Harriet Tubman

Today is Harriet Tubman Day.

Now I had never heard of Harriet Tubman until her story appeared in a time-travel series I was watching. After watching the show, I looked her up. She was AMAZING!

An opponent of slavery, and a political activist, she herself was born into slavery in America almost two hundred years ago. She escaped and then rescued others – making some 13 missions to rescue slaves. She also served as an armed scout and spy for the Union Army in the American civil war. And before her death on this day in 1913, she campaigned for the right for women to vote. She really was an extraordinary woman. A film about her life came out last year.
 
There’s another extraordinary black American woman I’d never heard of until her story was told in the film, Hidden Figures. Katherine Goble Johnson died a couple of weeks ago. Her astonishing mathematical skills were critical to the success of the first US manned space flights, and many more space missions thereafter.
 
Harriet Tubman and Katherine Goble Johnson are just two black American women who are only now beginning to enter public consciousness through the medium of film. My education certainly never brought their contributions to light before that.

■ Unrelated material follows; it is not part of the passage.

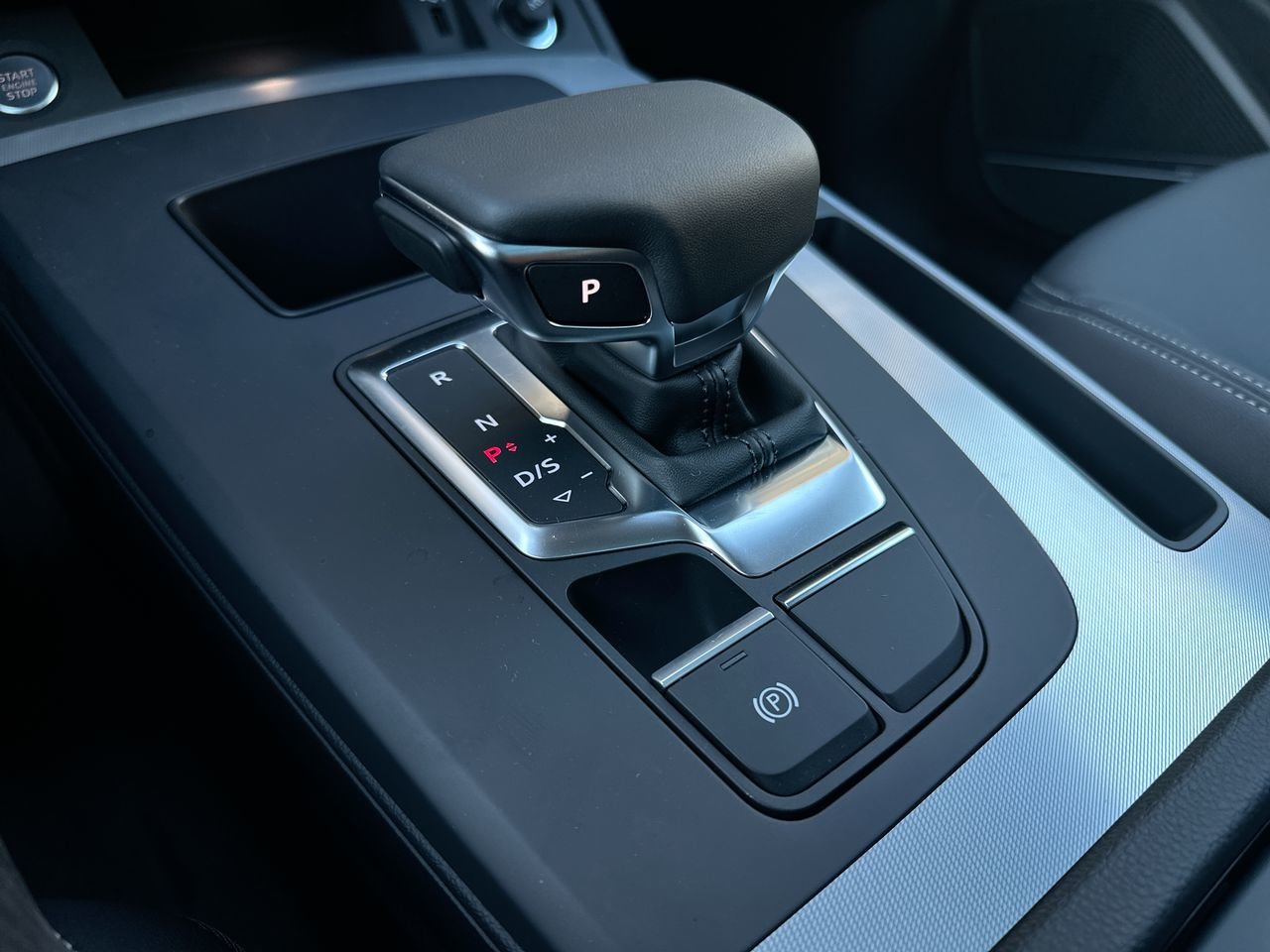 2025 Audi Q5 45 Technik, Vancouver, Cash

I grew up in a time when there weren’t that many female role models, let alone Black female role models. I barely read about women who went to university. Female doctors, politicians, and business women were few and far between. As for slavery busting activists and NASA mathematicians… these women were unheard of!

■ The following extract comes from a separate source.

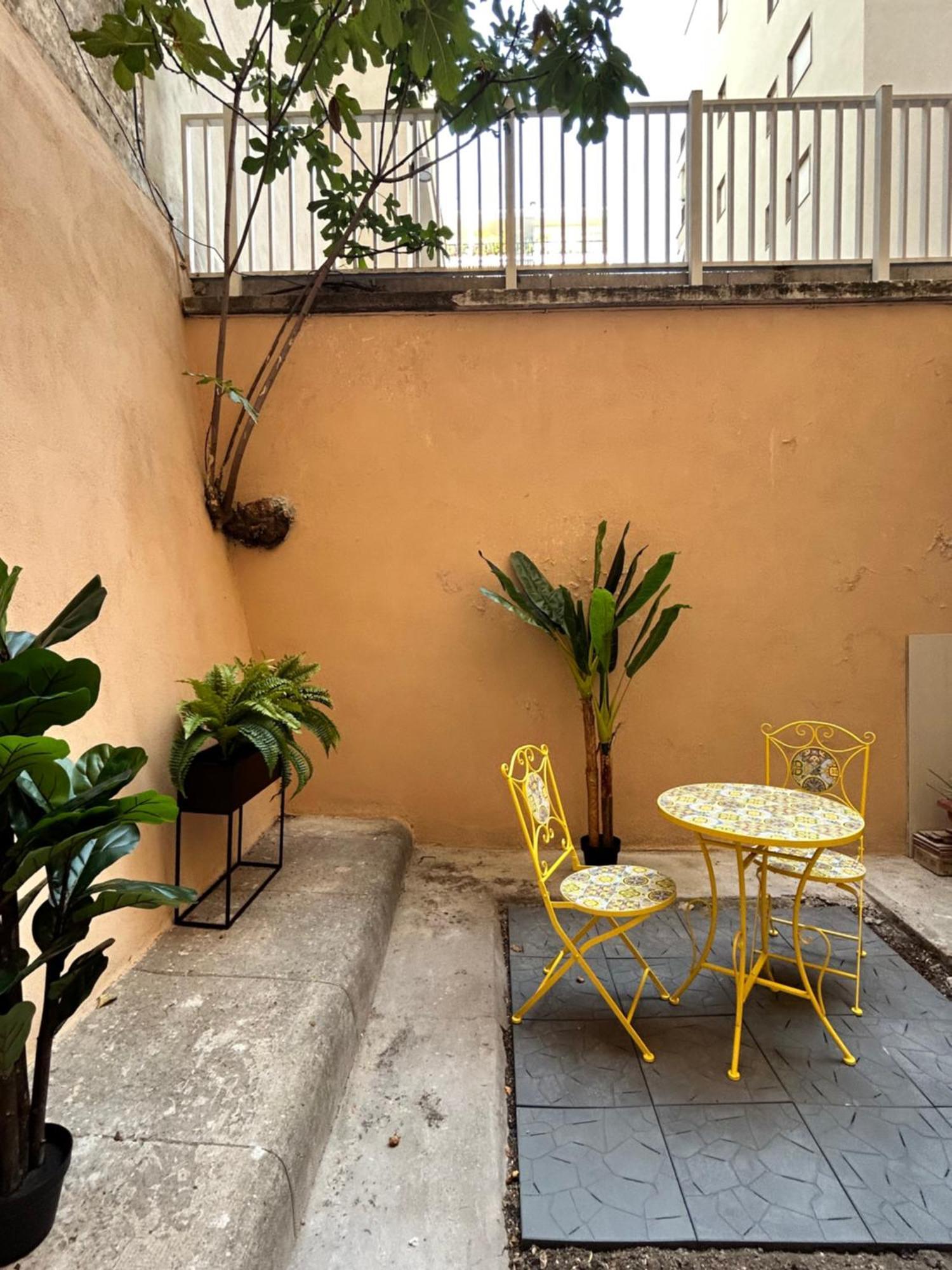 Casa Domus Mea - Garden Addicted Apartment Rome Bagian luar foto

Our world has been shaped by all sorts of contributions from all sorts of different types of people. So many of the innovations that make up our modern world came into being from surprising places.

As a Muslim I have made myself familiar with the contributions to the great body of global knowledge that Muslims have made, whilst recognising that knowledge builds on the shoulders of giants.


I reckon it’s important to recognise the great contributions made by a whole host of varied humans that give us our world today. Maybe if we can recognise that we have a shared human history, we’ll feel we have a stronger shared human future.